Resume

Summary

Industrial Engineer turned Analytics Engineer running solo on Fortune 500 client engagements.

I started in operations at Xylem in 2021 and shifted to data within my first year. The shift continued at Splash Analytics in early 2023, a 15-person analytics consultancy that got acquired into OneMagnify shortly after. The senior data scientist I was hired to learn under quit three months in, so the stack I use day to day, Python and Polars, DuckDB, Quarto, Typer for CLIs, FastAPI for services, marimo for internal tools, and a portable four-layer datalake, is one I largely chose and built myself.

Day-to-day is solo full-stack data work for two flagship Fortune 500 engagements. I run the standing client cadence, scope new work directly with stakeholders on the call, and own delivery from ingestion through transformation, modeling, dashboards, and reports. Recently joined a 10-person team supporting our largest engagement specifically to productionize what data scientists are prototyping in notebooks.

I am also an adjunct instructor at WVU, teaching the computing course I took as an undergrad.

This is the long-form version of my resume. The 1-page PDFs (ATS & Human) are in the sidebar.

Experience

Adjunct Instructor

West Virginia University · Morgantown, WV · Jan 2025 to Apr 2026

Sole instructor of record for a required course in WVU’s industrial-engineering curriculum. Taught roughly 150 students over two academic years. Was the teaching assistant for the same course as an undergraduate, returned as the instructor of record after starting at OneMagnify.

Redesigned the curriculum from basic Python alone into a more complete computing course: basic and advanced Python, modern tooling (uv, Ruff, basedpyright), terminals and CLIs, SQL with DuckDB, and the connections between them. Students leave with a working development environment they can keep using and an understanding of how the topics fit together rather than a list of disconnected language features.

Authoring a free, public Quarto book that serves as the course’s textbook and reference: ozanozbeker.com/cw4e. Built in the open so future students, students at other universities, and engineers learning on their own can use it. The book is also a working artifact for how I think about documentation: every chapter is a runnable Quarto document, code blocks execute as part of the build, and the rendering pipeline is the same Quarto stack I use for client deliverables at OneMagnify. The course doubles as a long-running test case for the documentation discipline I bring to production work.

Data Science Consultant

OneMagnify (formerly Splash Analytics, acquired 2023) · Remote · Jan 2023 to Present

OneMagnify’s analytics division was formed in 2023 when Splash Analytics (where I was hired) and RXA were both acquired. I work as the only data person on two Fortune 500 client engagements, where the formal title “Data Scientist” functions as an umbrella for whatever the work needs: data engineering, analytics engineering, light devops, modeling when modeling is the answer, and data cleaning underneath all of it. Recently joined a 10-person team supporting our largest engagement, where I’m specifically there to productionize work that’s been prototyped in notebooks.

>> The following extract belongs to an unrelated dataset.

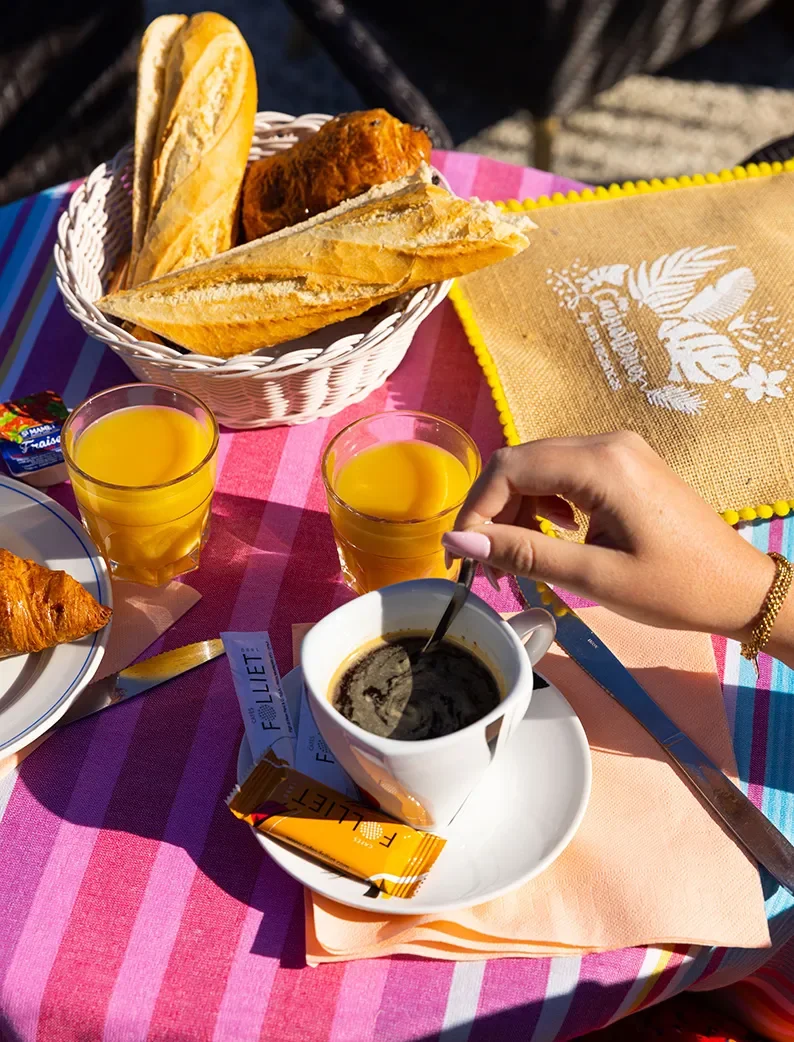 Petit-déjeuner sur la terrasse du mobil-home avec piscine.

Run the day-to-day client relationship for two flagship engagements: lead the standing cadence (bi-weekly with one client, monthly with the other), demo new work, and translate business questions into scope on the call, looping in my Data Science Manager for contract-fit before committing. Manager-level stakeholders on the client side with their VPs as the next layer; my manager joins meetings when his calendar allows but I run them. Both engagements billed at 0.8 FTE in maintenance-and-improvements mode, with periodic scope expansions and one anticipated reduction at year-end. Adapt to whatever each client uses internally: Tableau for one, Shiny for the other, Power BI and Excel as needed. Our value as a small consulting shop is exactly that we adapt; I bring the data foundation, the client picks the surface.

Own the recurring reporting cadence for both flagship engagements: monthly data refreshes, weekly and monthly Excel reports for stakeholders who want raw data, Quarto summary-over-time reports for stakeholders who want charts, and ad-hoc analyses on request. Pipelines that originate with client-sent files have a manual kickoff (clients send human-generated CSVs and Excel files at irregular intervals, with quality issues every cycle); everything downstream of that is automated, idempotent, and reproducible via uv run. Pipelines that work off existing data or my own scrapes run fully unattended on Windows Task Scheduler. Production code is scripts, never notebooks. Each project is structured as a pyproject.toml-defined package with named entry points, so a fresh teammate can run any pipeline end-to-end with two commands (uv sync, then uv run pipeline).

The two-format split (Excel for raw data, Quarto for charts) reflects how my client stakeholders actually work: managers want filterable tables they can reproduce in their own analyses, and VPs want trend charts they can drop into their decks. Both deliverables come from the same underlying functions, imported by both the report-rendering script and the Shiny app that gives clients on-demand access to the same dataset.

Joined a 10-person team supporting our largest engagement (start of May 2026) as the engineer responsible for turning data-science notebooks into production-ready scripts and packages. Code is typed, linted, packaged, and GitHub-hosted; deployment into the client’s GCP environment will follow as the team gets credentialed in. The team is mostly data scientists working in notebooks against a real GCP environment; my role is the bridge between exploration and production. Performance work (Polars over pandas where the data justifies it), type checking, package structure, and as GCP access is provisioned, the deployment surface itself. First time working as part of a dedicated data team after three years of running engagements solo.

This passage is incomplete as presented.